Requirement. Needed from the data below: every line from the one with "Power windows. If" up to and including the one with "Hi, I'm Anton", repeated exactly and with nothing else.
[Opening Dataset content section]
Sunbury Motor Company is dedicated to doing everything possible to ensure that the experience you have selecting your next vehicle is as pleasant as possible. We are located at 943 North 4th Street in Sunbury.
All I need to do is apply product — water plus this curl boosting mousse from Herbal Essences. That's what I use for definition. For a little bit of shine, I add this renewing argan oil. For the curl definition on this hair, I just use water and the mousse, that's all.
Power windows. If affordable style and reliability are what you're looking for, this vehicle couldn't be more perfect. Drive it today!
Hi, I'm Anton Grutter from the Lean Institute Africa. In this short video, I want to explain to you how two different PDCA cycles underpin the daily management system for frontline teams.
[Closing Dataset content section]
[Opening Dataset content section]
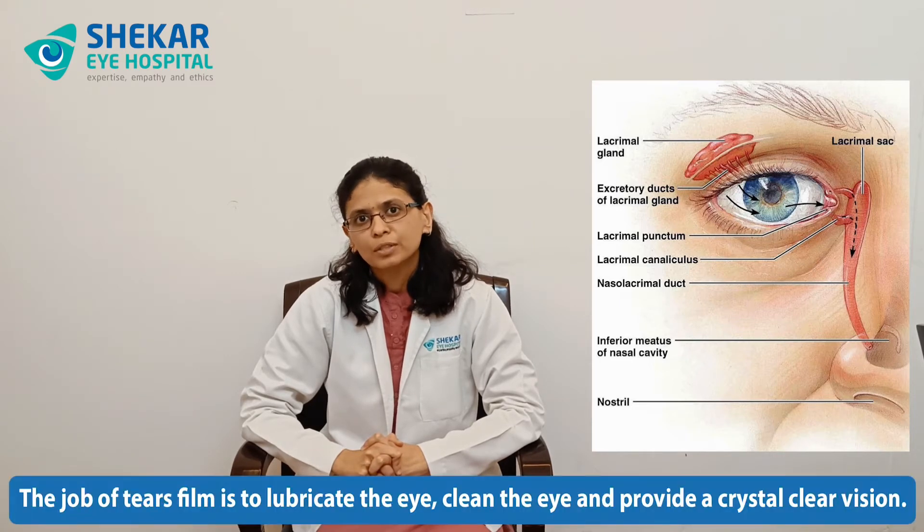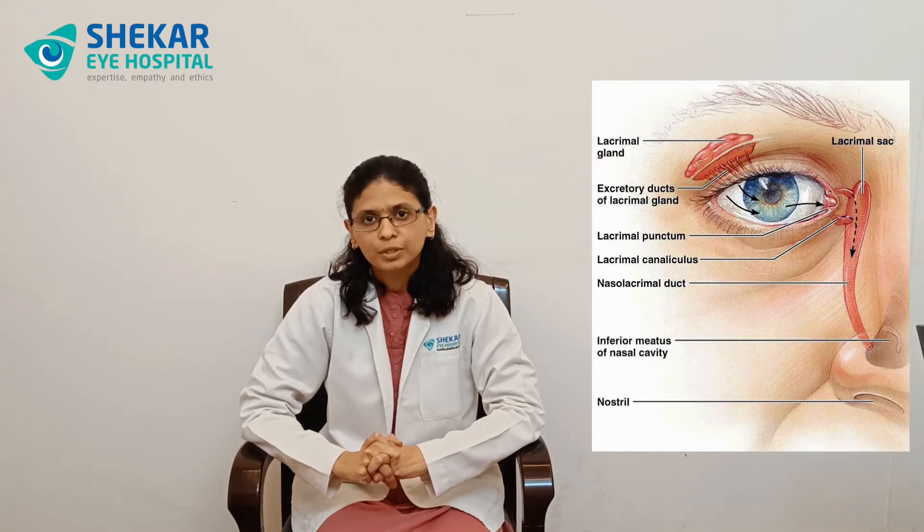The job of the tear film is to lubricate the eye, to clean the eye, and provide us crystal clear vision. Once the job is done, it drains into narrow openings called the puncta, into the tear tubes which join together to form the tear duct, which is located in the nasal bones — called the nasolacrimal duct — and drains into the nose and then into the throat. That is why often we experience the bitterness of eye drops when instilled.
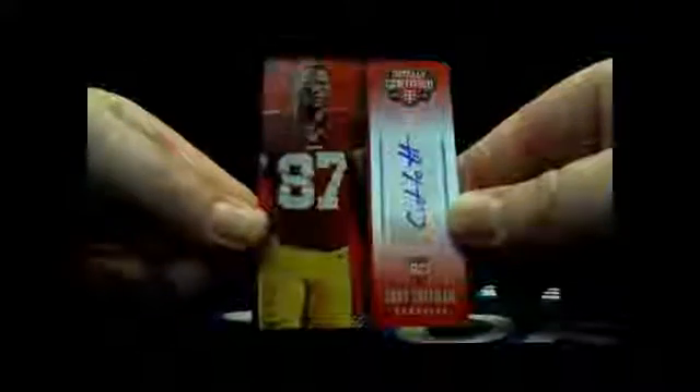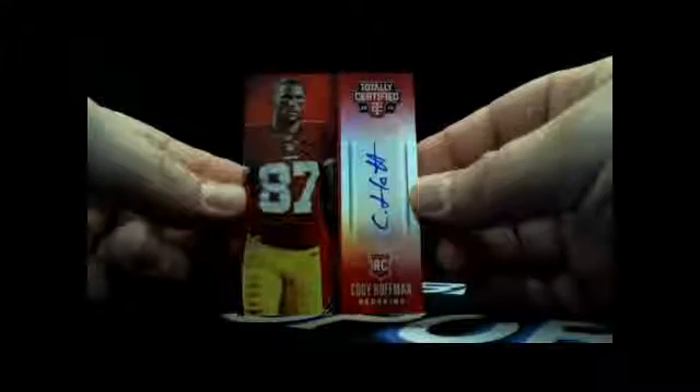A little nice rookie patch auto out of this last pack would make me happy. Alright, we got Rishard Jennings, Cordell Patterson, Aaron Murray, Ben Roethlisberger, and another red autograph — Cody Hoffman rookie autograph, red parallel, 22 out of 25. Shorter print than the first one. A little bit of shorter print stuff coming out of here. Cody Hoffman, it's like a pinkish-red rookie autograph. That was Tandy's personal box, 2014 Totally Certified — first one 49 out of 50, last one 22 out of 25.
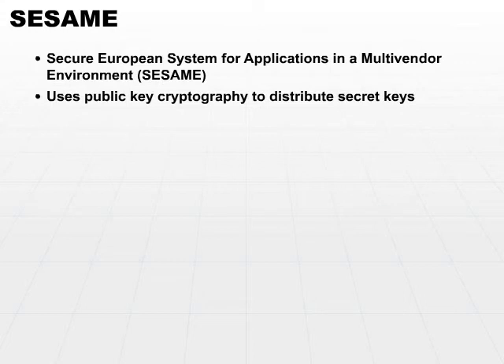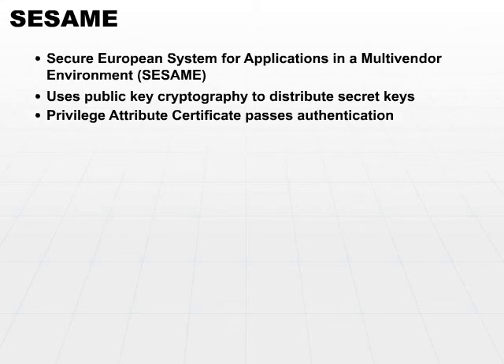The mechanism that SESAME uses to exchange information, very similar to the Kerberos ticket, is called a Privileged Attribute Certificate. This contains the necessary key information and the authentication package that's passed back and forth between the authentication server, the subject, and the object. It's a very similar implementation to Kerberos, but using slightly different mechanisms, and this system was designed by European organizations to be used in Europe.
[Closing Dataset content section]
Solution.
Power windows. If affordable style and reliability are what you're looking for, this vehicle couldn't be more perfect. Drive it today!
Hi, I'm Anton Grutter from the Lean Institute Africa. In this short video, I want to explain to you how two different PDCA cycles underpin the daily management system for frontline teams.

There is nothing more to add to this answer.